Across the cosmos, many stars can be found in pairs, gracefully circling one another. Yet one of the most dramatic pairings occurs between two orbiting black holes, formed after their massive progenitor stars exploded in supernova blasts. If these black holes lie close enough together, they will ultimately collide and form an even more massive black hole. Sometimes a black hole is orbited by a neutron star-the dense corpse of a star also formed from a supernova explosion but which contains less mass than a black hole. When these two bodies finally merge, the black hole will typically swallow the neutron star whole.
To better understand the extreme physics underlying such a grizzly demise, researchers at Caltech are using supercomputers to simulate black hole-neutron star collisions. In one study appearing in The Astrophysical Journal Letters , the team, led by Elias Most , a Caltech assistant professor of theoretical astrophysics, developed the most detailed simulation yet of the violent quakes that rupture a neutron star's surface roughly a second before the black hole consumes it.
"The neutron star's crust will crack open just like the ground in an earthquake," Most says. "The black hole's gravity first shears the surface, causing quakes in the star and the opening of rifts."
While cracks in the crust of a neutron star had been predicted before, the simulation is the first to demonstrate what kinds of light flares astronomers might see in the future when pointing telescopes in space and on the ground at such an event.
"This goes beyond educated models for the phenomenon-it is an actual simulation that includes all the relevant physics taking place when the neutron star breaks like an egg," says co-author Katerina Chatziioannou , assistant professor of physics at Caltech and a William H. Hurt Scholar.

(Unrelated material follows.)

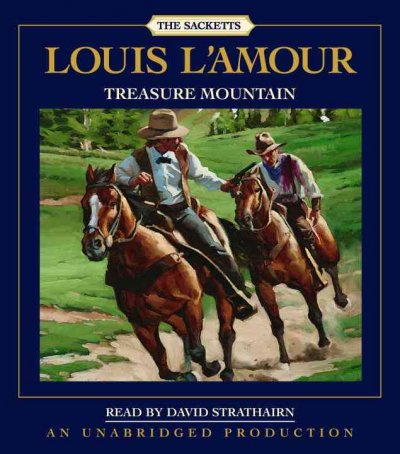 Treasure Mountain [sound recording] / Louis L'Amour.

Zoom In to Image These three panels are taken from a supercomputer simulation of a merger between a black hole (large black circle) and a neutron star (colored blob). The images, which move forward in time from left to right, show how the intense gravity of the black hole stretches the neutron star, before the black hole ultimately consumes it. Credit: Elias Most/Caltech
In a second, more recent paper in The Astrophysical Journal Letters , published March 31 of this year, the team used a supercomputer to simulate what happens after the neutron star fractures-a brief milliseconds-long window when monster shock waves, the most powerful predicted shock waves in the universe, shoot outward from the star. These monster shock waves had only recently been predicted by co-author Andrei Beloborodov of Columbia University. Now, the simulation, along with another from a different study published by the team last year, are the first to show how they form.
What is more, the most recent simulation does not stop when the monster shock waves form-it proceeds to show the neutron star being swallowed, which then triggers the creation of an exotic object called a "black hole pulsar."
A classic pulsar is a highly magnetized neutron star that emits beams of radiation, which sweep around like a lighthouse beacon as the star spins on its axis. A black hole pulsar is a hypothetical object in which a black hole launches magnetic winds that would also sweep around it as it spins, mimicking the appearance of a pulsar. While black hole pulsars had been previously conjectured, the simulation is the first to show how such a rare object could actually form in nature from the collision of a neutron star and black hole.
"When the neutron star plunges into the black hole, the monster shock waves are launched," says Yoonsoo Kim (MS '24), a Caltech graduate student working with Most, and lead author of the study on monster shock waves and black hole pulsars. "After the star is sucked in, whipping winds are formed, creating the black hole pulsar. But the black hole cannot sustain its winds and will become quiet again within seconds."